Cela semble fou. Si vous ajoutez des sujets de test, êtes-vous sûr d’obtenir des résultats incorrects ?
« Oui, dans certains cas. Si vous faites tout selon les règles, le risque d’un faux positif n’est que de 5 %, car la valeur p est de 0,05. Mais si vous effectuez un arrêt facultatif et que vous ajoutez quelques personnes supplémentaires après avoir consulté un groupe, cette chance augmente. Souvent, les chercheurs ne mentionnent pas qu’ils ont fait cela ou ne savent même pas que cela n’est pas autorisé.
« Parfois, les scientifiques veulent consciemment procéder à des arrêts facultatifs. Par exemple, vous effectuez une recherche par sujet et vous arrêtez si vous ne voyez aucun effet. C’est moins cher et souvent plus éthique. Par exemple, si vous souhaitez vérifier si un vaccin fonctionne. Si vous deviez utiliser la valeur p, le risque d’un faux positif serait en réalité de 100 %. »
Ce problème n’existe-t-il pas avec la nouvelle e-value que vous proposez ?

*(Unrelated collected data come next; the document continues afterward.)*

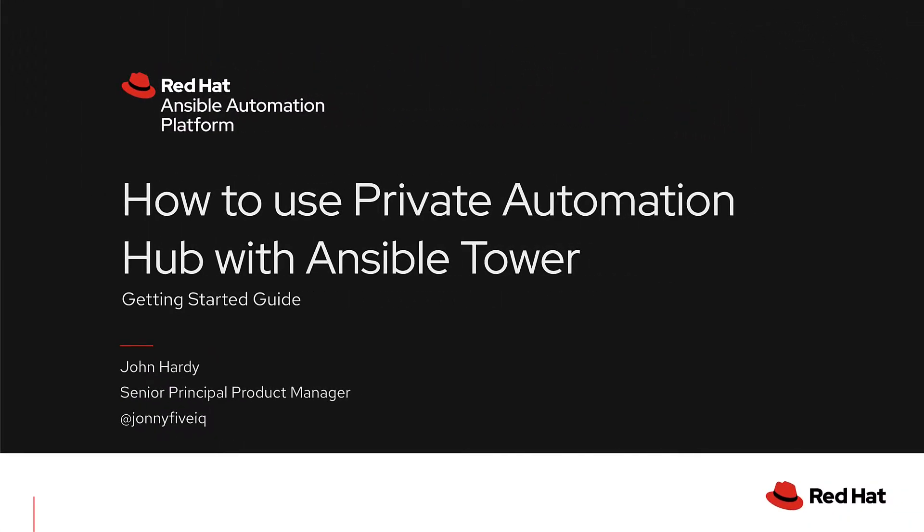Welcome to a demonstration and getting started guide for Private Automation Hub in Ansible Tower. This will be presented by John Hardy, the Red Hat Product Manager for Automation Hub. Let's get started.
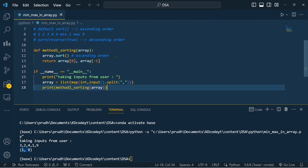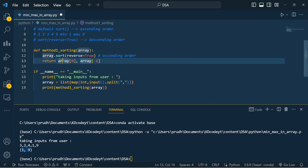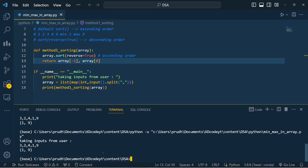If you want to use the same function but in descending order, you just need to change one parameter — set reverse=True in the sort function. But you also have to return the correct values: the last value will be the minimum and the first will be the maximum, so return index -1 first and index 0 next. Running with the same inputs gives the same output. That's the solution in Python.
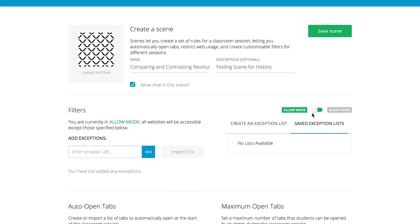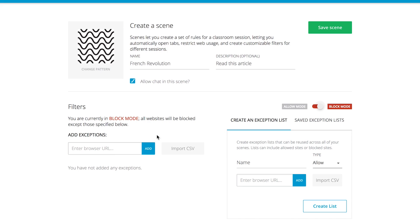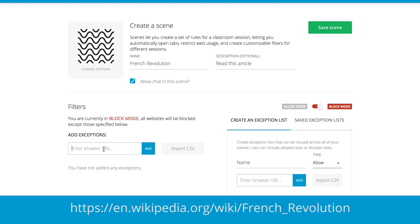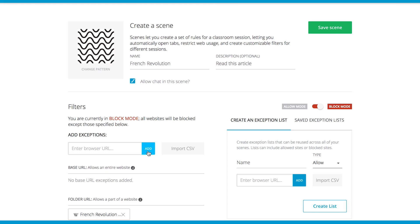You can use the mode toggle to switch between allow mode and block mode. For example, if you wanted students to only be able to access a Wikipedia article on the French Revolution, then you could set your scene to block mode and add this URL as an exception, and your students wouldn't be able to see anything online except for that specific Wikipedia article.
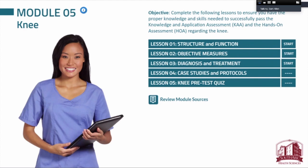What we decided to go with was Articulate Storyline 360. This is how it looks when the student is in their LMS — their learning management system. We broke it into eight different modules: shoulder, elbow, wrist, hip, knee, ankle, cervical spine, and lumbar spine.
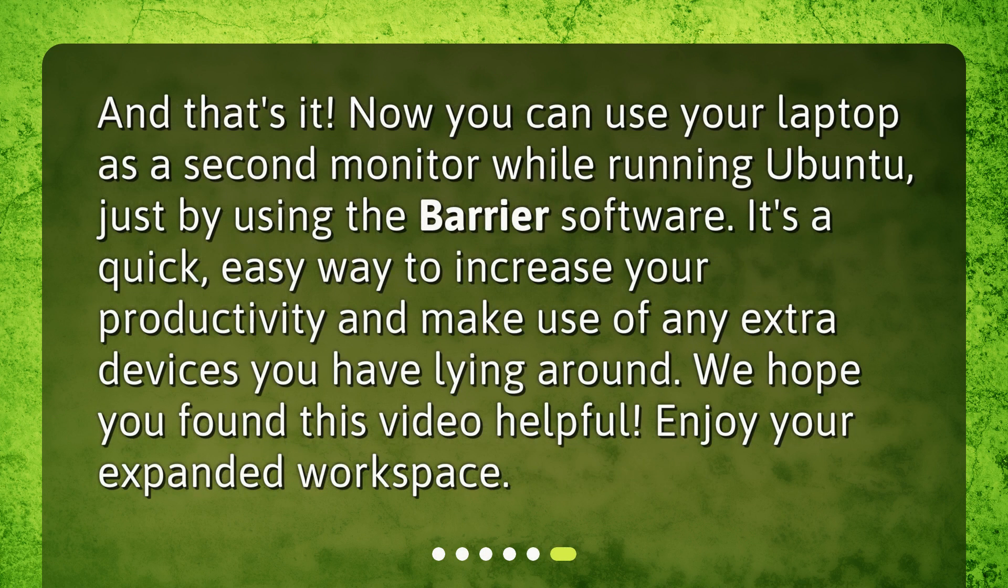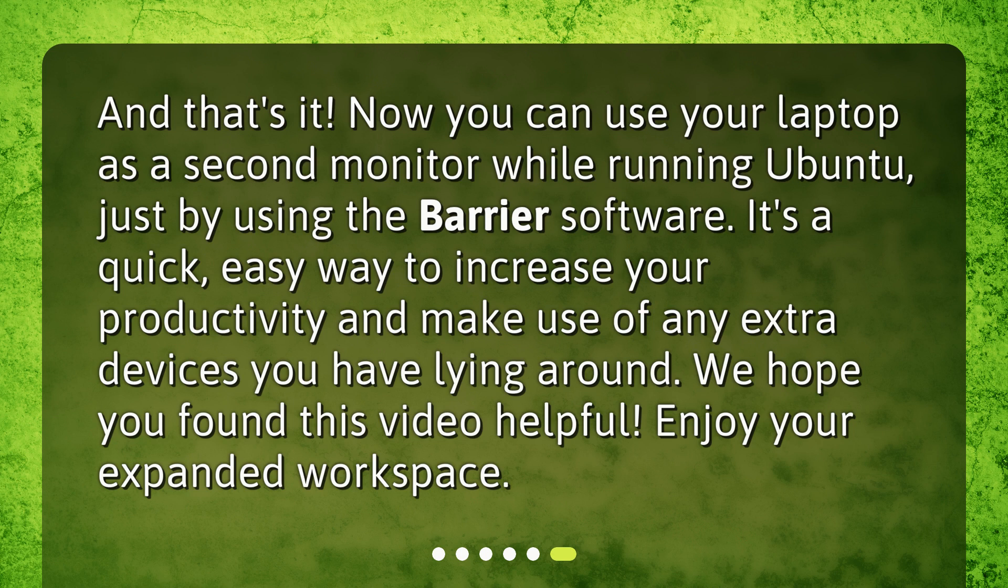And that's it! Now you can use your laptop as a second monitor while running Ubuntu, just by using the Barrier software. It's a quick, easy way to increase your productivity and make use of any extra devices you have lying around. We hope you found this video helpful. Enjoy your expanded workspace.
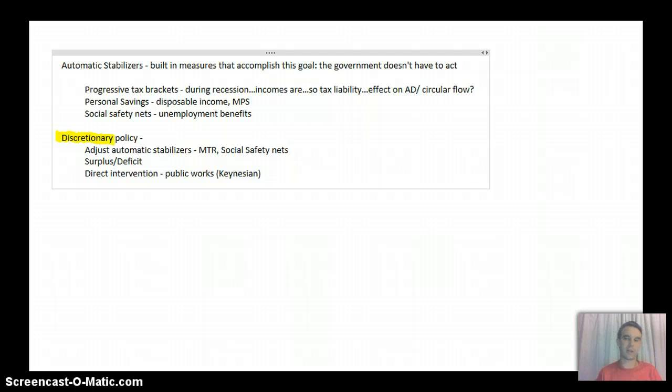All right, that's basically the goal of fiscal policy and how they do it. We'll work on diagramming it in class.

« Non, avec l’e-value, vous pouvez simplement faire un arrêt facultatif. Il a également déjà été utilisé pour des recherches sur l’efficacité d’un vaccin. Nous pensons également que la valeur e est généralement plus facile à comprendre que la valeur p et entraînera donc moins de problèmes.
Comment fonctionne cette e-valeur ?
« La valeur e indique à quel point on s’attend à ce qu’une hypothèse soit correcte. Le « e » signifie « attente », mais aussi « preuve », car il mesure également la quantité de preuves que votre recherche fournit pour une hypothèse.

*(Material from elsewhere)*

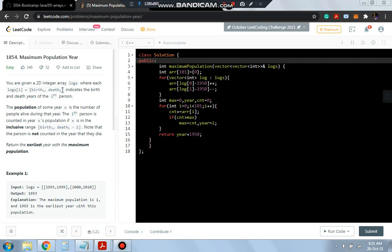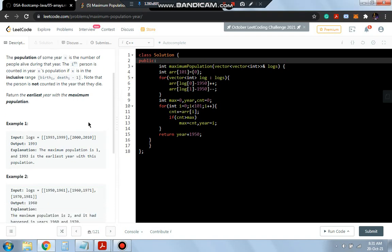Using this array with birth and death years, we need to find in which particular year there were the maximum number of people living. We'll do this by checking the starting part of each array and comparing it to the ending part.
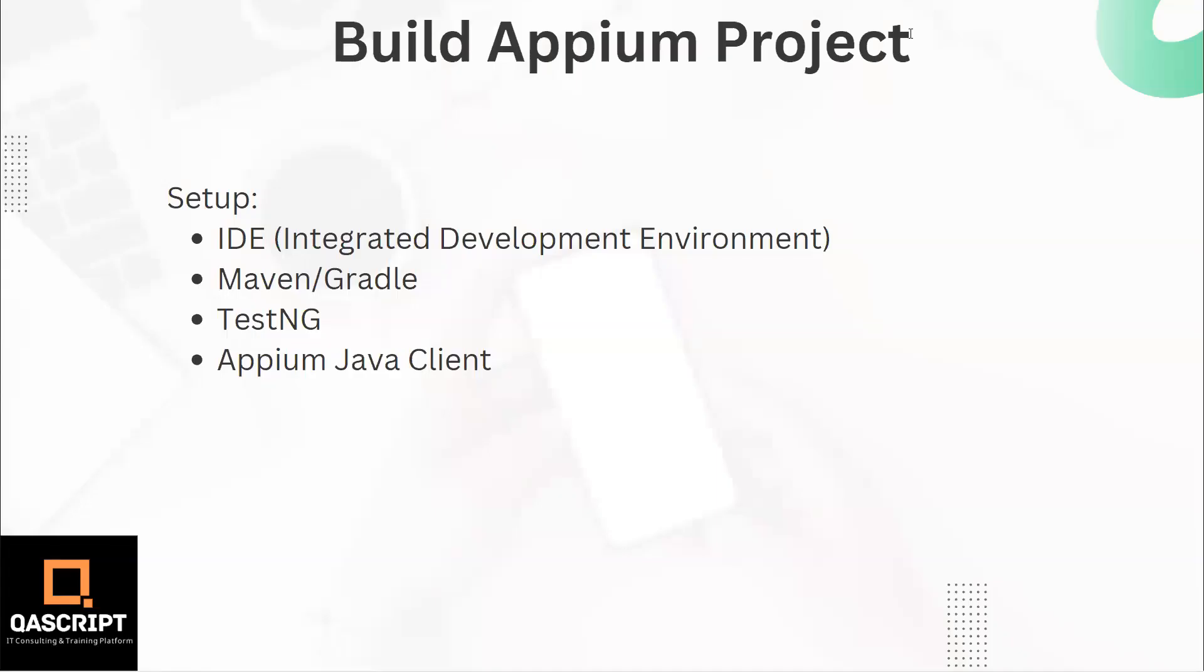Now moving on to our next topic on mobile automation with Appium, we are going to see how we can build an Appium project. So as part of this setup, you need to have an IDE which is known as the integrated development environment.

« Par exemple, si vous effectuez des recherches sur un médicament destiné à abaisser la tension artérielle, la valeur e indique la probabilité que le médicament abaisse réellement la tension artérielle. Comme pour la valeur p, il existe une limite inférieure. Si la valeur e est supérieure à 20, on peut parler de signification statistique et, dans cet exemple, on peut donc supposer que le médicament abaisse la tension artérielle. Une valeur e n’est donc pas une probabilité, comme la valeur p, mais un nombre positif.

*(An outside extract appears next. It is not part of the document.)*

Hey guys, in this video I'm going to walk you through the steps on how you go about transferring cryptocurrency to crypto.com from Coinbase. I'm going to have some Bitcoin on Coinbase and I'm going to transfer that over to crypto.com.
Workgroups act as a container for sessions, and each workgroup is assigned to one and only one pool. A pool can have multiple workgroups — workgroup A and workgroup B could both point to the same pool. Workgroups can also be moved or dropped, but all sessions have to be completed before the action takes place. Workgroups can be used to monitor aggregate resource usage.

« Une fonctionnalité utile est que vous pouvez également combiner les valeurs électroniques. Cela vous permet d’indiquer comment deux études renforcent les preuves d’une hypothèse. Simplement en multipliant les valeurs e. Si un groupe de recherche trouve une valeur e de 5 et l’autre une valeur de 10, alors ensemble, ils peuvent dire qu’ils ont une valeur de 50. Ce n’est pas possible avec la valeur p.